We started in Burford, one of the larger towns in the Cotswolds and a popular tourist destination. Its iconic feature is the steep high street leading down to the River Windrush. It also has a large free car park. We followed the river to Bourton-on-the-Water, which is hugely popular with day trippers and tourists. On a sunny summer weekend afternoon it can be heaving with visitors. It is very picturesque but pick a quiet day to visit.

The rolling terrain led us past the Snowshill lavender fields to Broadway Tower which stands over 300m above sea level, the second highest point in the Cotswolds. The tower itself is a folly tower built so that Lady Coventry could answer the question whether she could see it from her house in Worcester! She could.

From the tower we took more rolling and quiet lanes to Bibury, another village popular with tourists, before heading back to Burford.

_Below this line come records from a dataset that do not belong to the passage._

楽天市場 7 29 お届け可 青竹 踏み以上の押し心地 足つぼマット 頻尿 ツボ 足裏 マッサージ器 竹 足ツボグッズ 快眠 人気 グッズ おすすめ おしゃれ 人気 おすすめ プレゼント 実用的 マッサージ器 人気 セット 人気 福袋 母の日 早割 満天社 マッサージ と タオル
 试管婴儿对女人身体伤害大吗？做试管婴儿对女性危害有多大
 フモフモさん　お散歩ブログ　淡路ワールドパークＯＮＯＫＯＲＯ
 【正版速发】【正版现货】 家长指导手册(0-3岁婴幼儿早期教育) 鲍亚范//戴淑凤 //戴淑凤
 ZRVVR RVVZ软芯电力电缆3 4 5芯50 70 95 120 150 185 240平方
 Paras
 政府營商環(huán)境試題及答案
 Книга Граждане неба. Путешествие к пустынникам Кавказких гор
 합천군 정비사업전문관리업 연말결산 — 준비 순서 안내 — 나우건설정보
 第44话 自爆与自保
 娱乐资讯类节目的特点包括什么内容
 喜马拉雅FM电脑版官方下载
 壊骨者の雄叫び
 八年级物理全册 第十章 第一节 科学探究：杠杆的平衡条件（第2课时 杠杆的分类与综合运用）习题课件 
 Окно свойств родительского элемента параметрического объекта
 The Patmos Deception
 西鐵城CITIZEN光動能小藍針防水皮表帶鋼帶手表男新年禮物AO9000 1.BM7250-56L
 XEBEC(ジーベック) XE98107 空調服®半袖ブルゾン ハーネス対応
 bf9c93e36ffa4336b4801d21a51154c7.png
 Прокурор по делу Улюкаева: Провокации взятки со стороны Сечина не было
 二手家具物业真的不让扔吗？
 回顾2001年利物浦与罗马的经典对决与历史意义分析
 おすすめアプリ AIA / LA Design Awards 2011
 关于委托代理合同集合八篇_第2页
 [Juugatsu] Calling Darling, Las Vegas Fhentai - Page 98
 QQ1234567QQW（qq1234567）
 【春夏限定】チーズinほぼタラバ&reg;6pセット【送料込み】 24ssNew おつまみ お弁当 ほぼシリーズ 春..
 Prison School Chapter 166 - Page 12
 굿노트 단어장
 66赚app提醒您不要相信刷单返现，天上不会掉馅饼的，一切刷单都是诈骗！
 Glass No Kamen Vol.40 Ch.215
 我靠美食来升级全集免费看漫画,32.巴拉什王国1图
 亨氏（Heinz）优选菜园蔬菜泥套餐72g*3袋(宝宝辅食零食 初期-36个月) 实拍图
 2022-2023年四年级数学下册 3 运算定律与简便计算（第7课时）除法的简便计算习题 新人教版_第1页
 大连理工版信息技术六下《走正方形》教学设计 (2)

We were just shy of 100km for the day and over 1100m of ascent. I found it quite tough today as I hadn’t got my climbing legs with me but had a 2nd wind at around 55miles and could have kept going for a bit longer. It’s another ride towards my target of E50!

If you’ve not cycled the Cotswolds before it’s well worth doing. The route we chose offers a good tour of some busy and quiet villages sticking to minor roads. A good sample of what the Cotswolds offer without tackling any of the really tough climbs.